The PFG poultry meal used in these diets costs 57 percent less than the current price of fishmeal at the time of this publication. U.S. poultry produced over 26 million metric tons (MT) live weight in 2019, yielding 19 million MT of edible product. Processing by-products could therefore easily supplant the approximately 0.5 million MT of fishmeal used globally in marine fish aquaculture (IFFO 2018). The canola, flax and Veramaris™ algae oil blend used here provides a matching DHA and omega-3:omega-6 ratio to fish oil. As the Veramaris™ production achieves economies of scale, such blends will price less than fish oil. Replacing wild-caught fishmeal and fish oil is now as much an economically prudent decision as it is an environmental imperative.

Ocean Era and other researchers have previously shown successful performance of marine fish on fishmeal free diets, but these examples were usually cost-prohibitive for commercial scaling. This is therefore the first instance of a fishmeal and fish oil-free diet being cost-effective, and still fulfilling the FCR requirements for commercial producers. Full grow-out has yet to be demonstrated, but this three-trial series has shown repeated success of the base formulation on kampachi from various cohorts at a range of sizes.
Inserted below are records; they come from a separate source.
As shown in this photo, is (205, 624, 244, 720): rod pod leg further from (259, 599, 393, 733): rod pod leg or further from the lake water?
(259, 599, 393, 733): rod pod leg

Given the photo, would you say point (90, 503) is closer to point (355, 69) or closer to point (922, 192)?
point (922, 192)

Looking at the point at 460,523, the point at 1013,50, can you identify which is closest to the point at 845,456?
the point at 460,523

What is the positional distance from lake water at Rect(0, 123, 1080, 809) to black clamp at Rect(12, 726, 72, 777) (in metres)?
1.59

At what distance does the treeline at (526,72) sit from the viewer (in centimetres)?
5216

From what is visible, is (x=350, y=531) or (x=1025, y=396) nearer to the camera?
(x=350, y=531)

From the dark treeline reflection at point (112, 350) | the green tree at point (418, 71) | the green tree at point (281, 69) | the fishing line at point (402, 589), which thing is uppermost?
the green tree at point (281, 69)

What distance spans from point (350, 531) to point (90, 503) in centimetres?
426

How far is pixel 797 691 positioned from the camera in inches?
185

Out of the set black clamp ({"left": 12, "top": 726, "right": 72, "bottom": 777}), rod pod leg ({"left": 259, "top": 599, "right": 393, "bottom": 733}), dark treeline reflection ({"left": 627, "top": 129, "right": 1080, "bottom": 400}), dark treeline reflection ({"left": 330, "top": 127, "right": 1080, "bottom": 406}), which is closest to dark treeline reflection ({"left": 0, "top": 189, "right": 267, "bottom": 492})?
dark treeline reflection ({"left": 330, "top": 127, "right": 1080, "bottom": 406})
The fishmeal free diet (PM+FO) and the fishmeal and fish oil-free formulation (PMnoFO) tested here are ready for incorporation into commercial grow-out operations. Ideally, these formulations will be adapted to other marine fish diets. Our results demonstrate potential for a drastically reduced footprint for carnivorous finfish production, and this need not be limited to Seriola but could be extended to – and evaluated for – various other commercially important species of finfish.

To allow further development, all trial results and diet formulations are open source. They can be viewed at the F3 Feed Innovation Network website.

References available from corresponding author.